Exercise objective: Exclude all pictures. Then restate, word for word, the entries from the first line through the line that contains "However, when comparing".

Stored data entries:
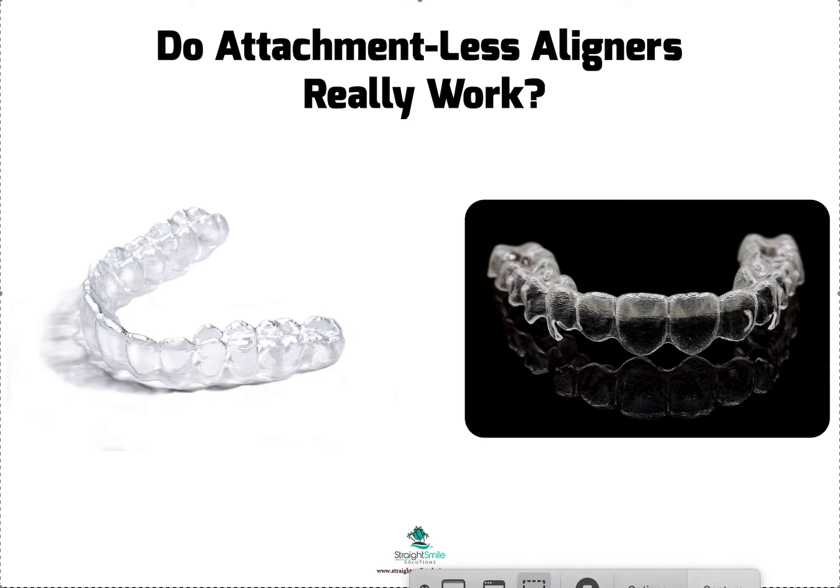Hey, it's Dr. Amanda with Straight Smile Solutions, straightsmilesolutions.com. And today we're gonna talk about the difference between aligners with attachments and aligners without attachments.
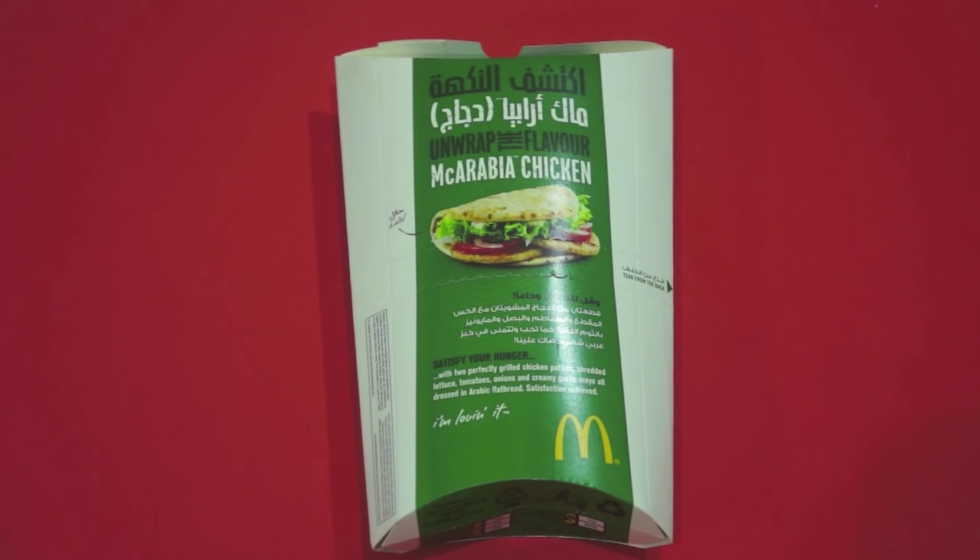Welcome back once again to howtocookgreatfood.com. If you haven't already, please click that button and subscribe to our channel. We're not cooking today — after every sort of blog we've done about McDonald's food, there are obviously some McDonald's foods not available in other parts of the world, and this is one of them.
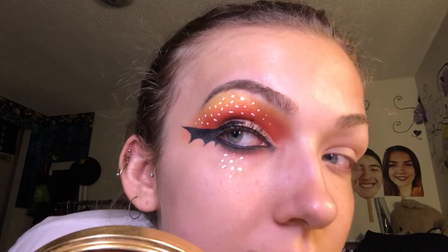What is going on you guys? Welcome back. In this first Halloween makeup tutorial, I'm going to be doing a bat winged eyeliner.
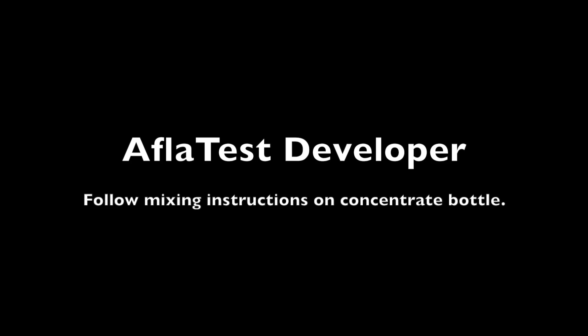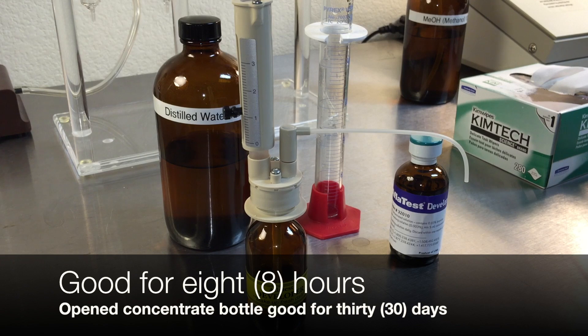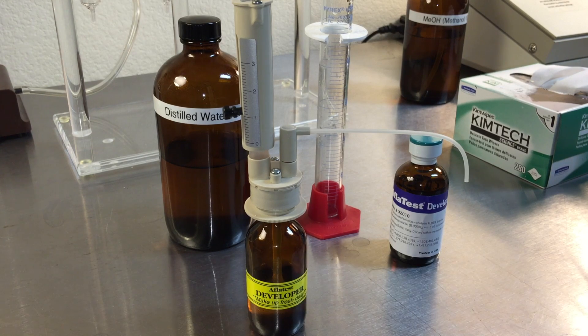Aflatest Developer comes in a concentrate good for 30 days after opening. Mix the concentrate according to the instructions on the bottle. After mixing a batch of Aflatest Developer, it is good for eight hours.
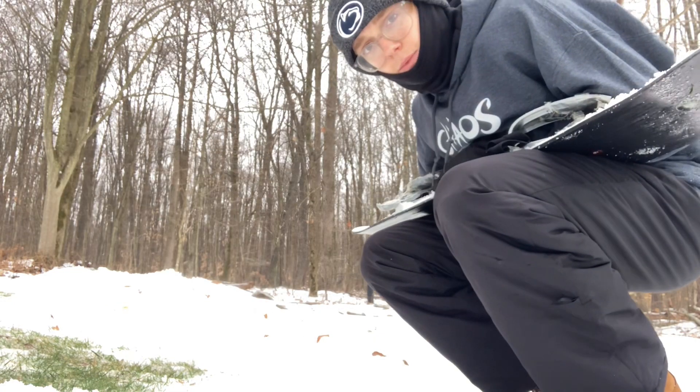It actually worked really nice. I'll bring the camera with me for one. See, that went really nice.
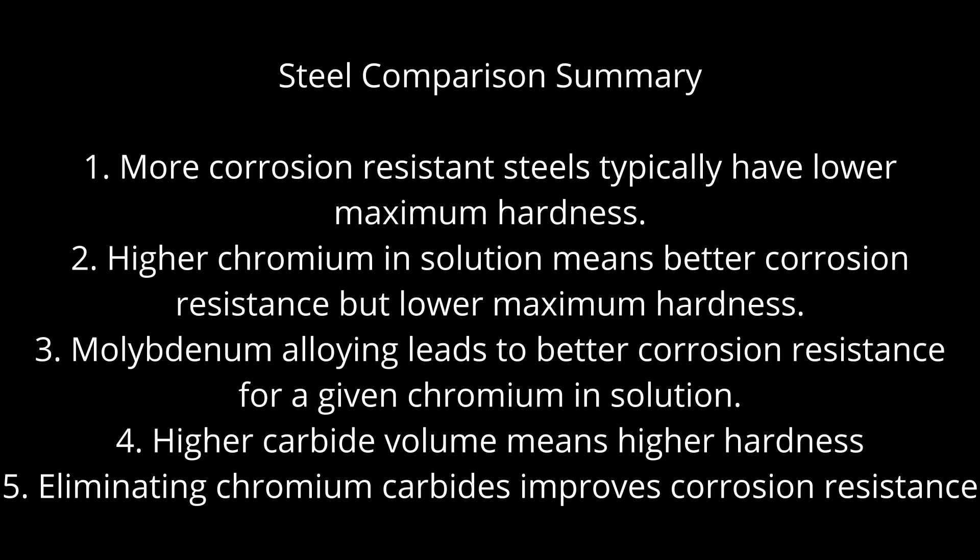However, when comparing different steels to each other, there is a trend where more corrosion resistant steels typically have a lower maximum hardness. Molybdenum alloying, avoiding chromium carbide such as in MagnaCut, and having a high volume of carbide all lead to higher potential hardness for a given level of corrosion resistance when comparing different steels to each other. That's it for this video — I hope you enjoyed it. Until next time!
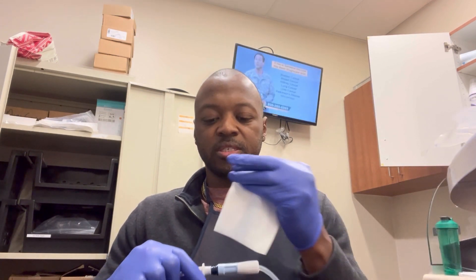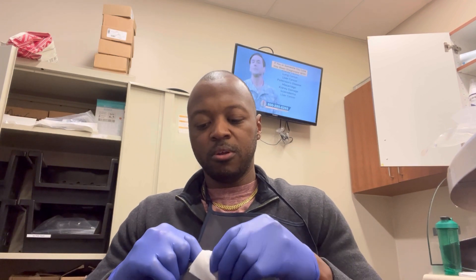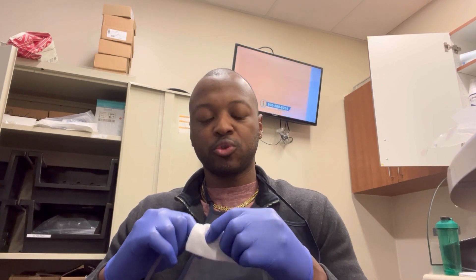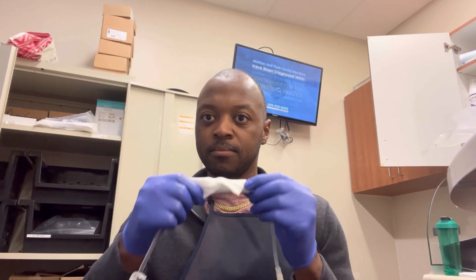I have my gauze soaked with Alcovis. I'm going to do the one-minute scrub, making sure I don't disconnect from the machine. Then I'm going to do the one-minute soak — put it down on my lap and let it soak for a minute. I'm going to get my mask ready.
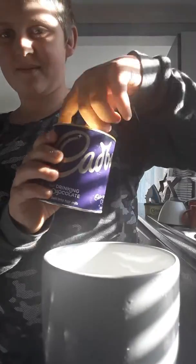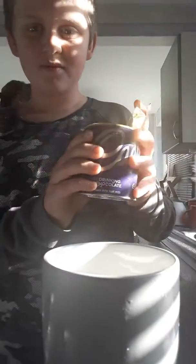What you'll need is this. A kettle. Make sure you get a grown-up helper to do it, because it is a hot, hot kettle.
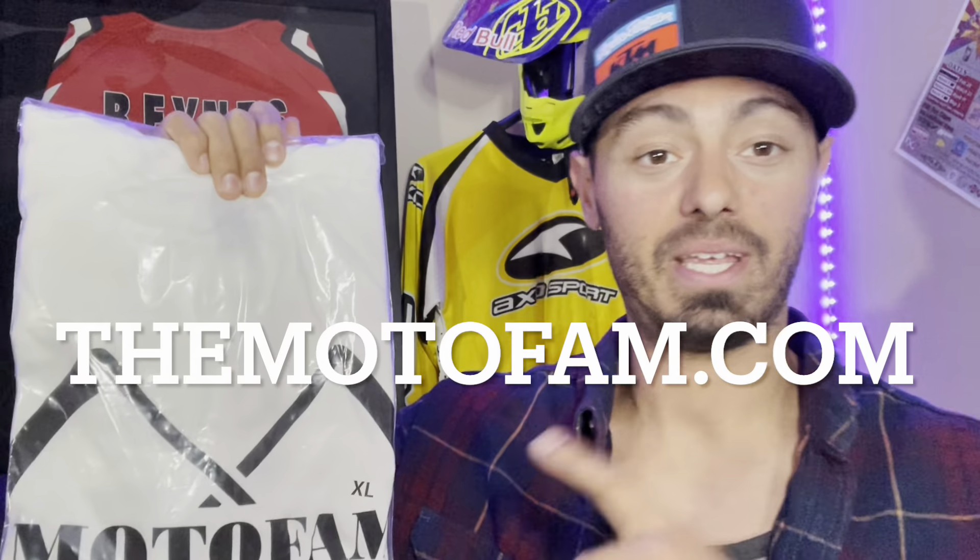Before we head out, don't forget to hop over to themotofam.com and get yourself one of our shirts. Say bye-bye! Bye!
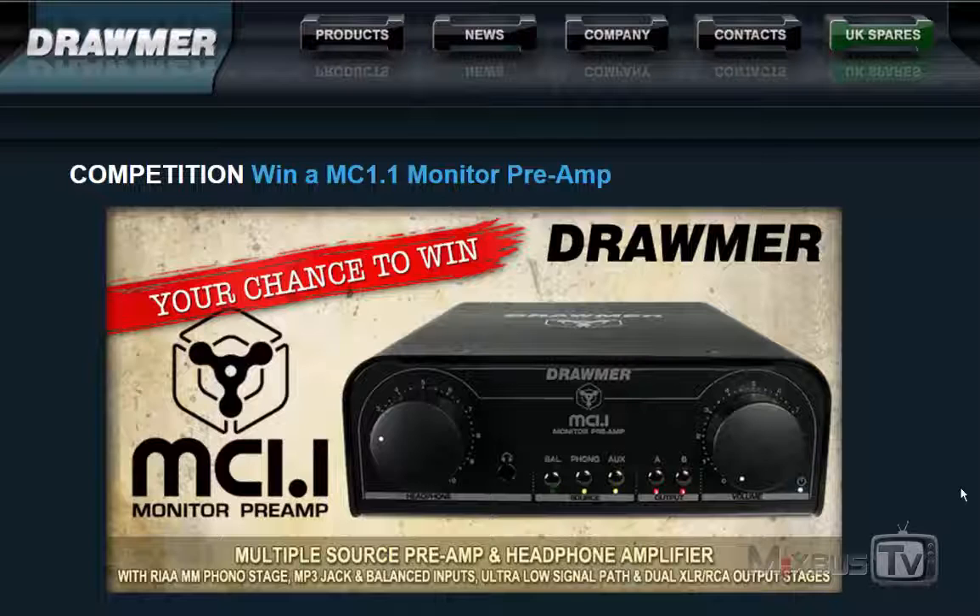You have the chance to win a great unit — their MC1.1 monitor controller and headphone amp. A high quality monitor controller, perfect for portable rigs and desktop setups, with a very transparent and low noise circuit.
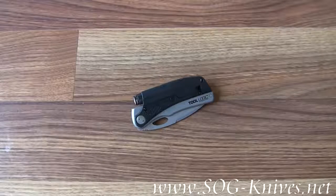That's the SOG Tool Logic SL Pro 1. It's a survival knife, model SLP1.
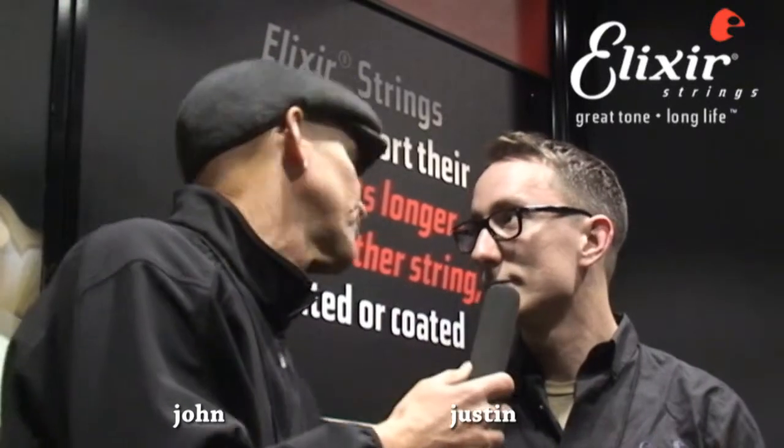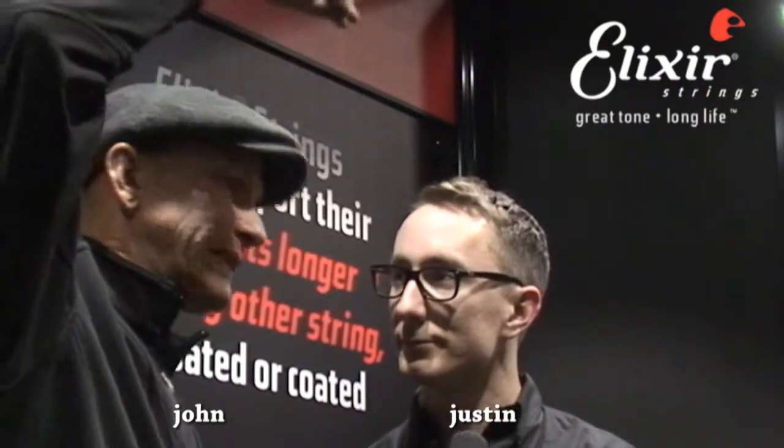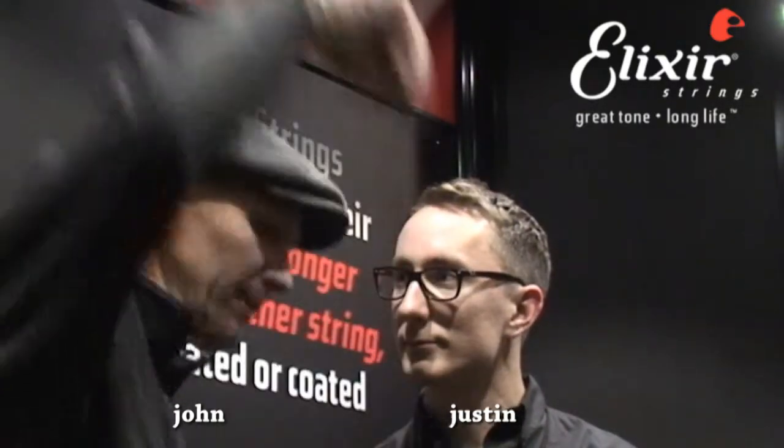So how much longer than a regular string? It depends — each player is a little bit different, so it's hard to say. Now I have a question for you. Somebody told me one time that it made the string quieter when they were moving their fingers up and down. Is that true? Yeah, absolutely. A lot of players find that it helps reduce a lot of that squeak that you get from running your hands up and down the string.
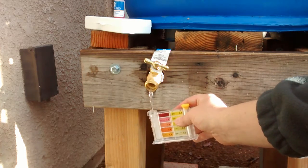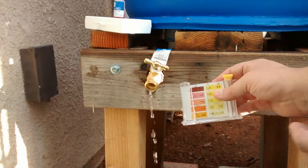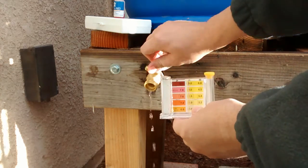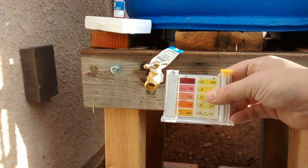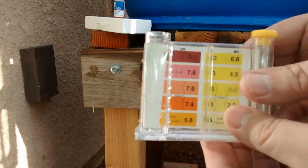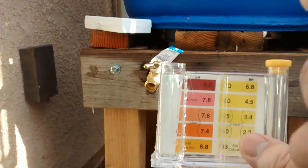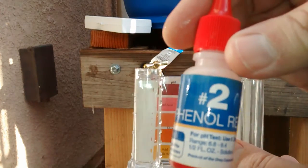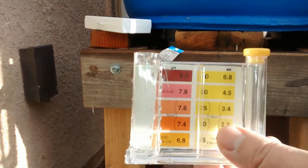Let's dump that out a couple times. There we go. Now I just have to take a little off the top and that's about it. So now what I'm going to do is take the solution.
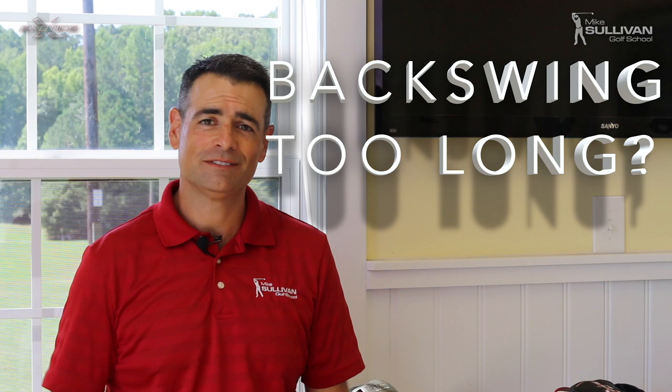I'm Mike Sullivan. If your friends have been telling you that your backswing is too long, this video is for you.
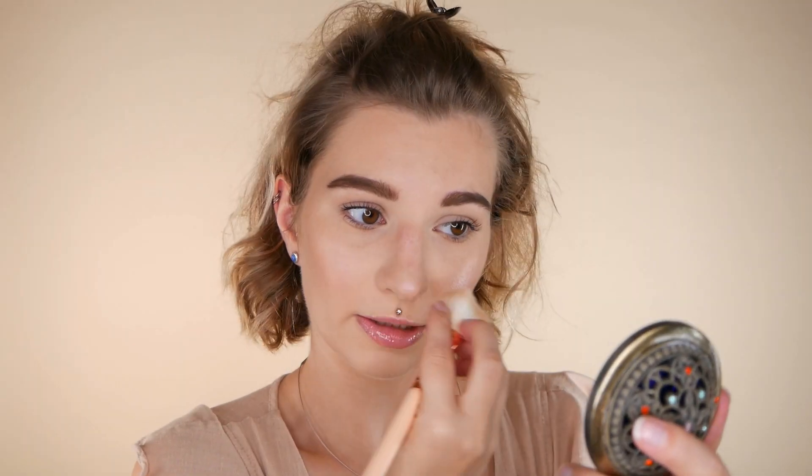The brush I'm using is a Zoeva Deluxe Powder Finish brush — it's very fluffy and also a smaller brush, which makes bronzer application easier for me. You could go with a bigger brush, but then the application can be trickier because you have less control and the powder can go anywhere. A fluffy brush that blends easily gives you more control. I'm applying the bronzer on top of my cheeks, not underneath, because it is a bronzer.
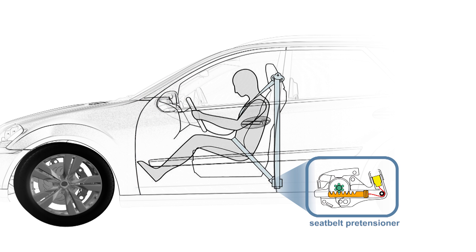A seat belt pre-tensioner is able to retract the seat belt by up to 150 millimetres within about 15 milliseconds. This reduces play between the seat belt and the seat occupant. The belt therefore prevents the occupant from moving forwards in the event of a collision.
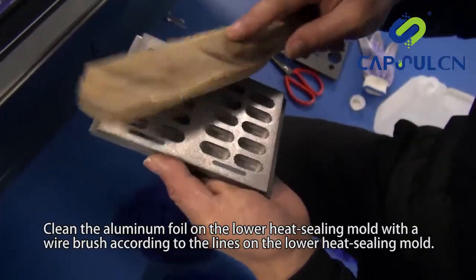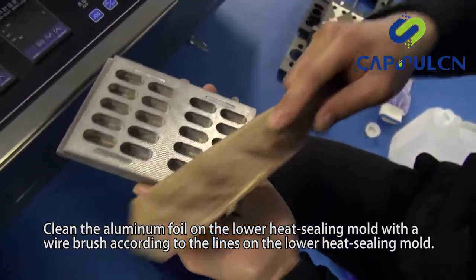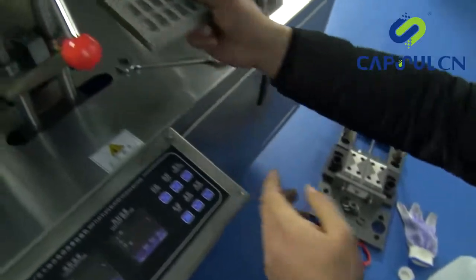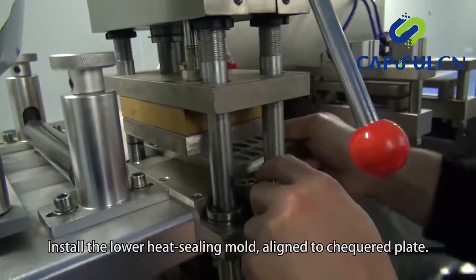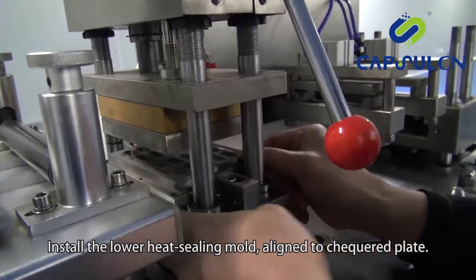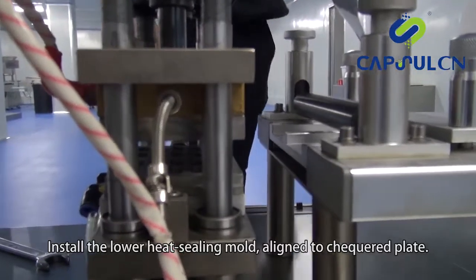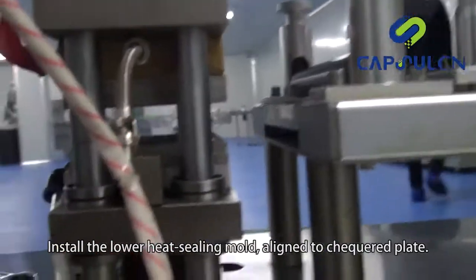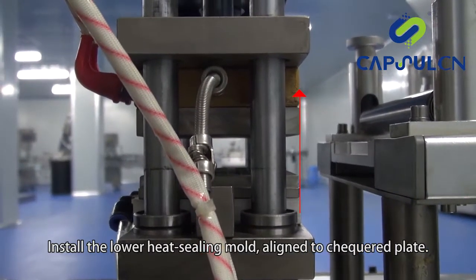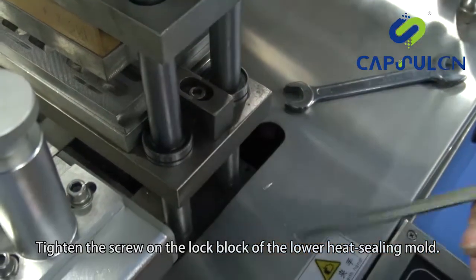Clean the aluminum foil on the lower heat sealing mold with a wire brush according to the lines on the lower heat sealing mold. Install the lower heat sealing mold, aligned to the checkered plate. Tighten the screw on the lock block of the lower heat sealing mold.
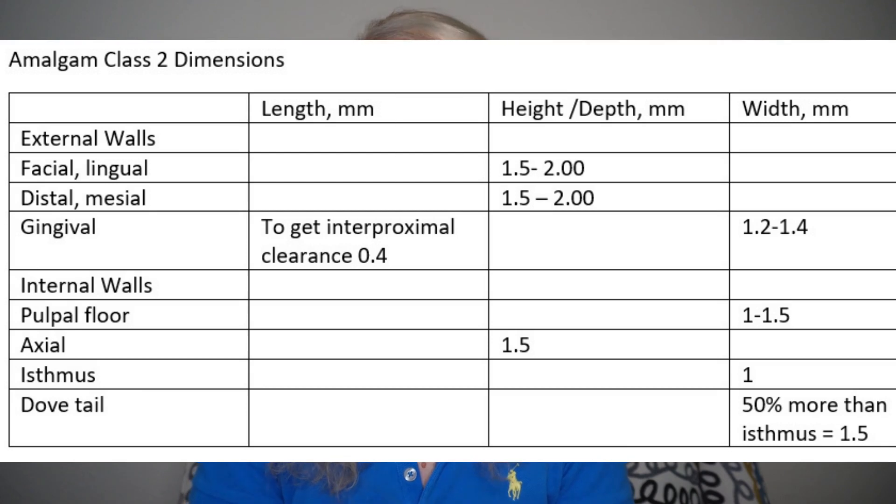Going through dental school I understood that it's too many burs — you can literally do a preparation using one or two burs. The less you change burs, the more time you save, and you don't need that many to switch. For amalgam class two, you need only one bur: carbide 330. I'm inserting on the screen the table of dimensions for the amalgam class two — take carbide 330, try to do the prep with these dimensions, and you'll do great on your bench test.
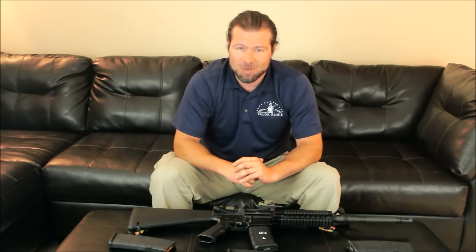Hey everyone, Reed Hendricks with Valley Ridge. The purpose of today's video is to give you some good advice on how to properly select ammunition for home defense for your AR-15. So let's get started.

Exercise response:
Hey, it's Dr. Amanda with Straight Smile Solutions, straightsmilesolutions.com. And today we're gonna talk about the difference between aligners with attachments and aligners without attachments.
Welcome back once again to howtocookgreatfood.com. If you haven't already, please click that button and subscribe to our channel. We're not cooking today — after every sort of blog we've done about McDonald's food, there are obviously some McDonald's foods not available in other parts of the world, and this is one of them.
What is going on you guys? Welcome back. In this first Halloween makeup tutorial, I'm going to be doing a bat winged eyeliner.
Aflatest Developer comes in a concentrate good for 30 days after opening. Mix the concentrate according to the instructions on the bottle. After mixing a batch of Aflatest Developer, it is good for eight hours.
It actually worked really nice. I'll bring the camera with me for one. See, that went really nice.
However, when comparing different steels to each other, there is a trend where more corrosion resistant steels typically have a lower maximum hardness. Molybdenum alloying, avoiding chromium carbide such as in MagnaCut, and having a high volume of carbide all lead to higher potential hardness for a given level of corrosion resistance when comparing different steels to each other. That's it for this video — I hope you enjoyed it. Until next time!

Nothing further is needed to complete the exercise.